═════ Data section

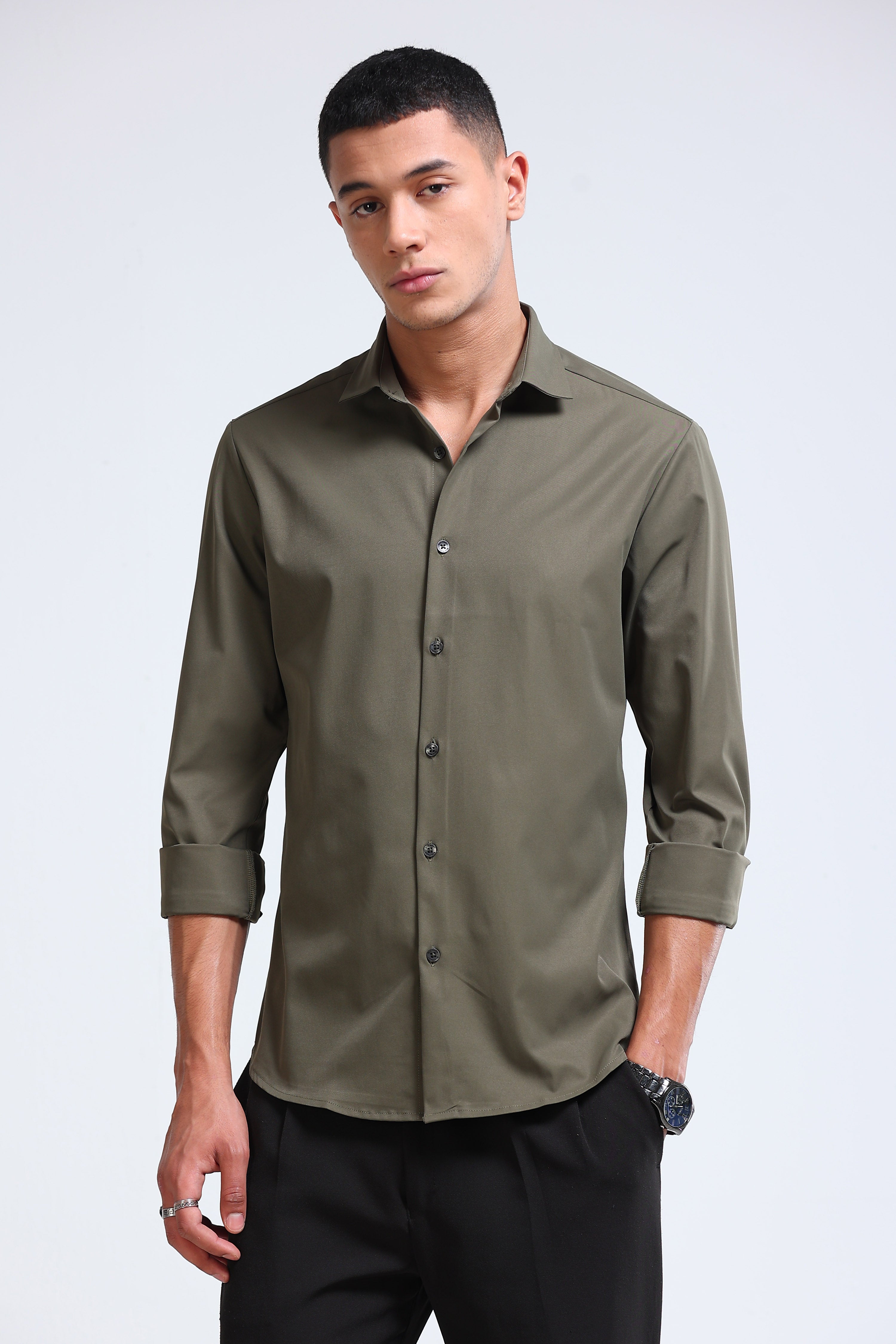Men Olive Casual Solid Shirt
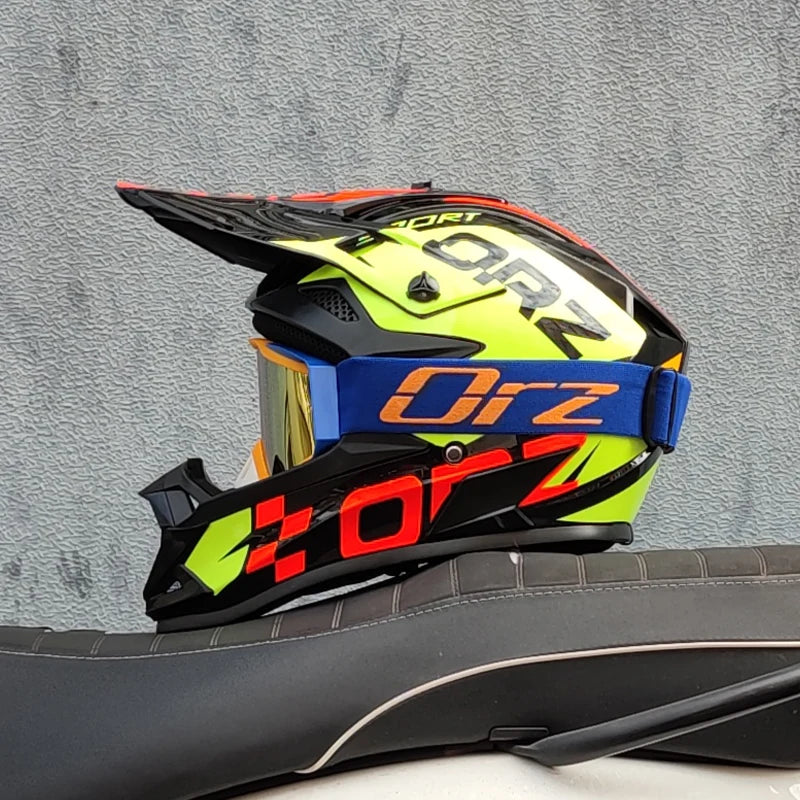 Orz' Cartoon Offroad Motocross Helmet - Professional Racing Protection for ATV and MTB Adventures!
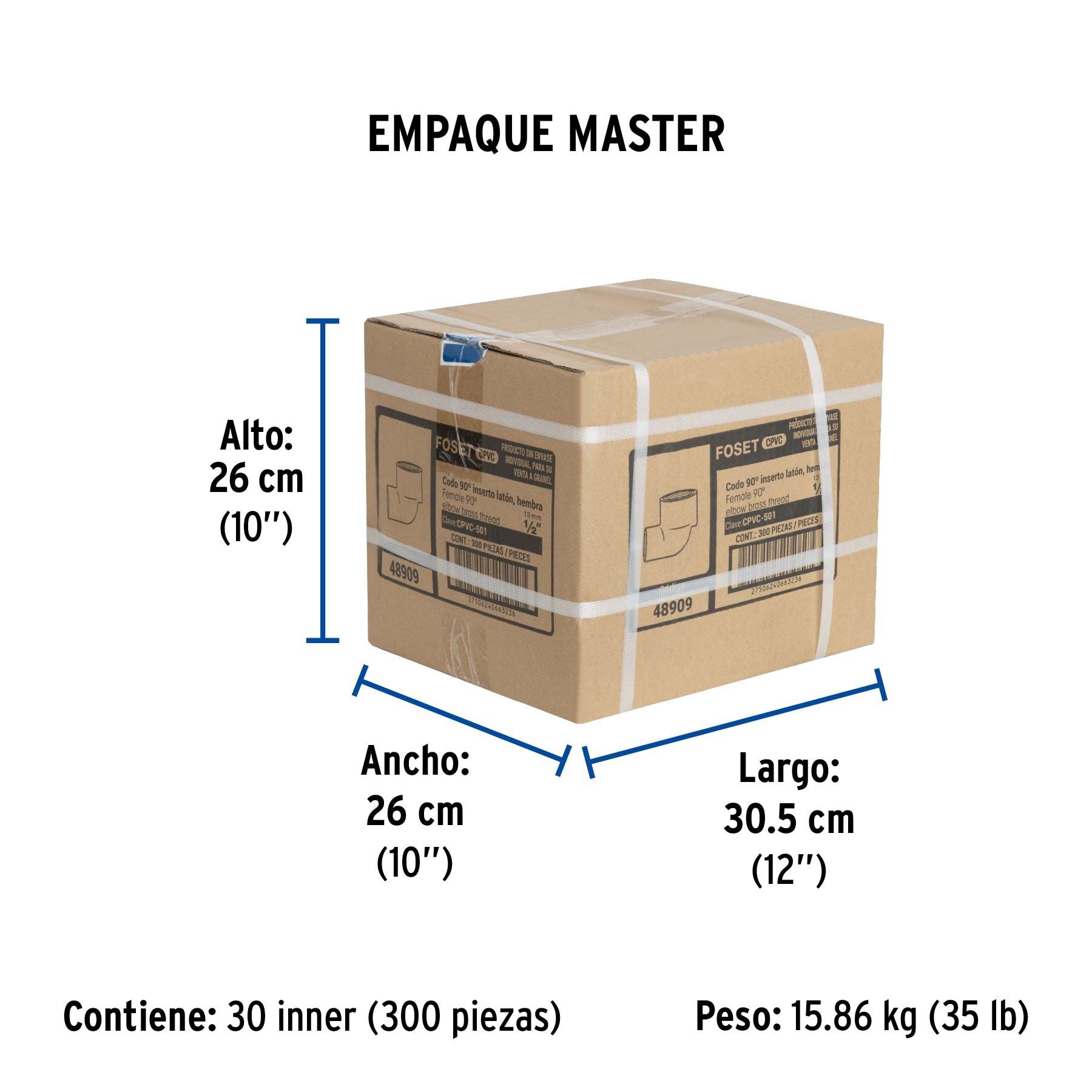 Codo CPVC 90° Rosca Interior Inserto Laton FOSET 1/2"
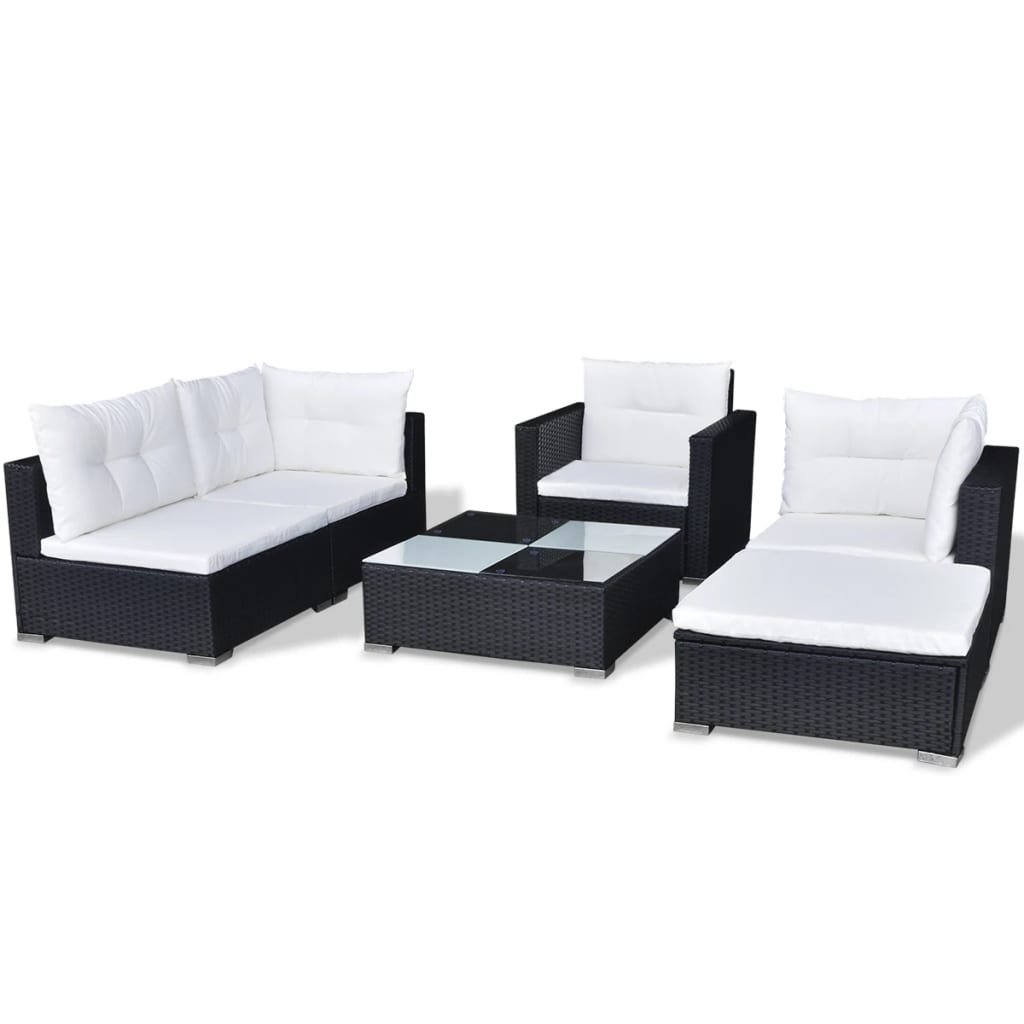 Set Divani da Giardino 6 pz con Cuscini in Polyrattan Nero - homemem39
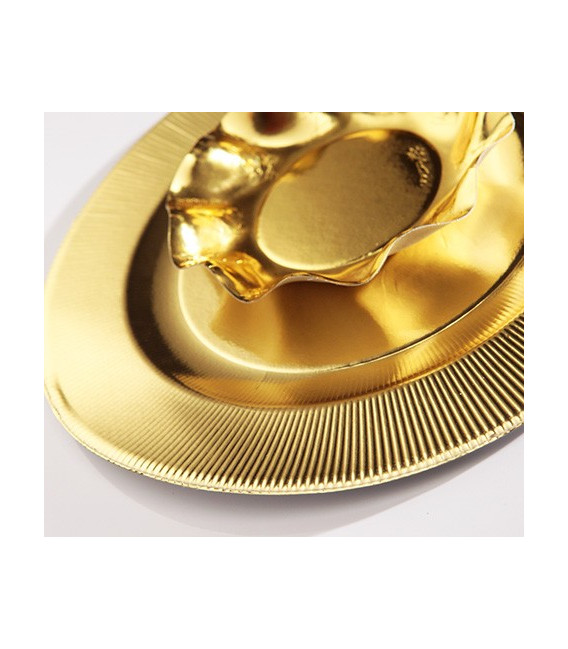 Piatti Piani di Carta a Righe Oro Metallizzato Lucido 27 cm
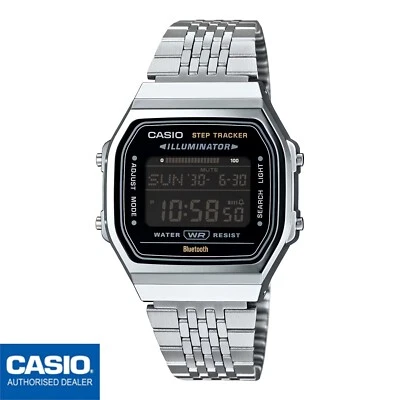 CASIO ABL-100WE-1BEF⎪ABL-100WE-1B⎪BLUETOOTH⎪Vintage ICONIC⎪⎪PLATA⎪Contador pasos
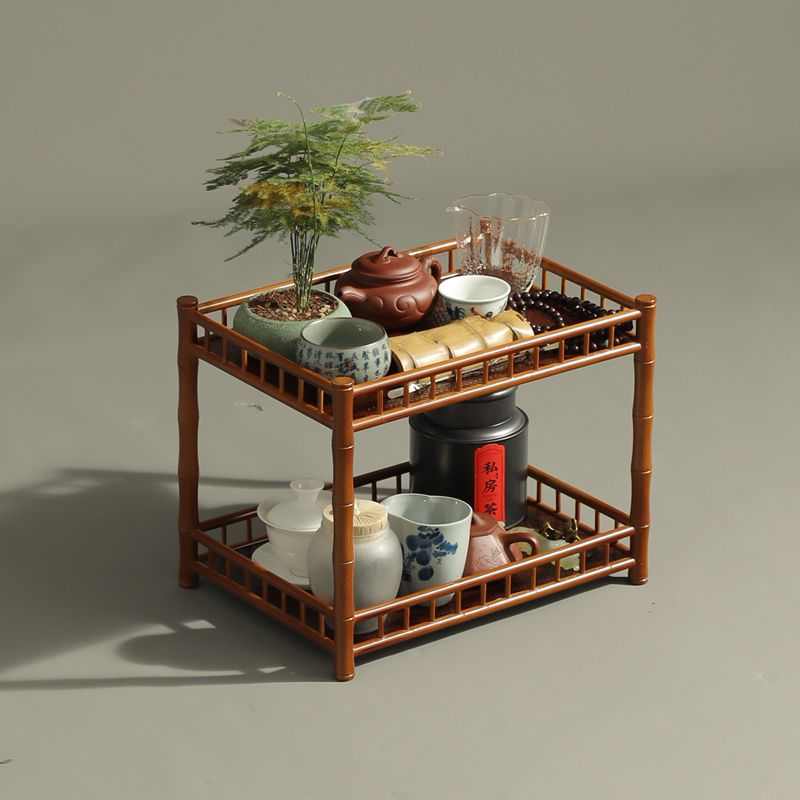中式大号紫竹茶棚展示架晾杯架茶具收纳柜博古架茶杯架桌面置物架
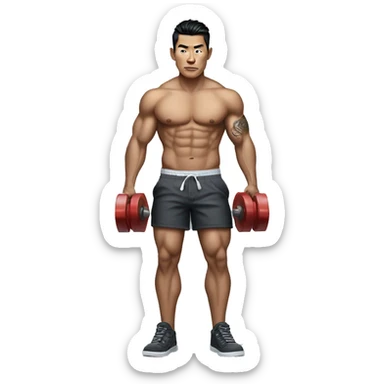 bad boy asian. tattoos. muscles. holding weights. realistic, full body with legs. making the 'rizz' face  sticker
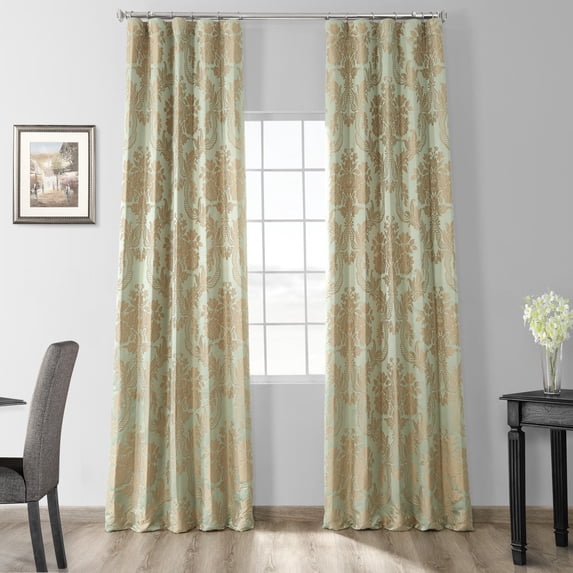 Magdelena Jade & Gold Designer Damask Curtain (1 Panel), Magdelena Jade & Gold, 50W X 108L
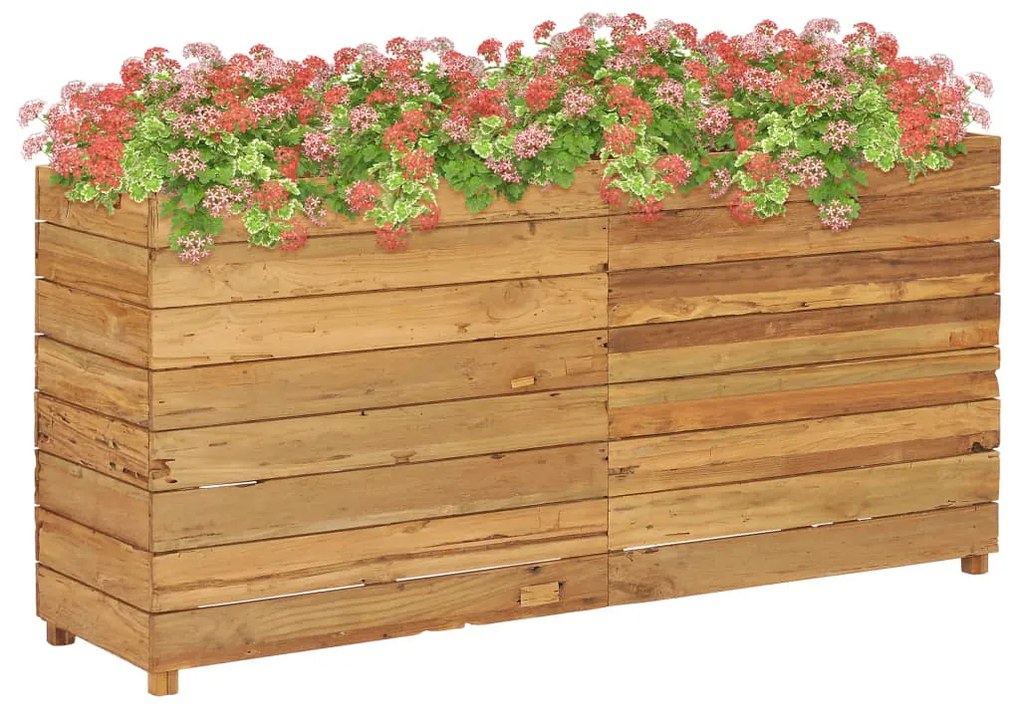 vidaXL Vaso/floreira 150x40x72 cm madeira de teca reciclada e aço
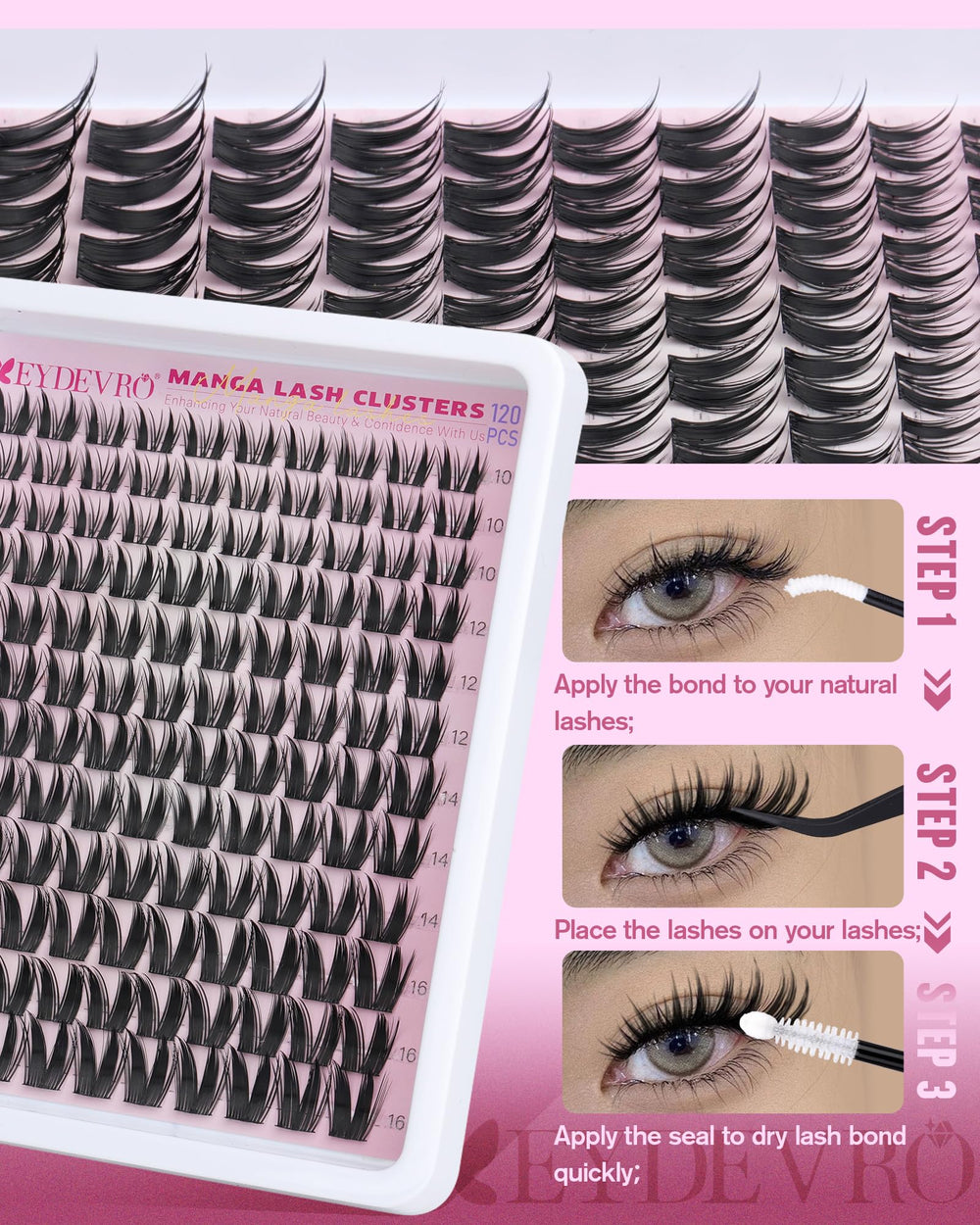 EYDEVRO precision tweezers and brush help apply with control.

══════════

● Task details
Please, leaving out all pictures, transcribe exactly the lines above from the one containing "中式大号紫竹茶棚展示架晾杯架茶具收纳柜博古架茶杯架桌面置物架" through the final line, both included.

● Response to this task
中式大号紫竹茶棚展示架晾杯架茶具收纳柜博古架茶杯架桌面置物架
 bad boy asian. tattoos. muscles. holding weights. realistic, full body with legs. making the 'rizz' face  sticker
 Magdelena Jade & Gold Designer Damask Curtain (1 Panel), Magdelena Jade & Gold, 50W X 108L
 vidaXL Vaso/floreira 150x40x72 cm madeira de teca reciclada e aço
 EYDEVRO precision tweezers and brush help apply with control.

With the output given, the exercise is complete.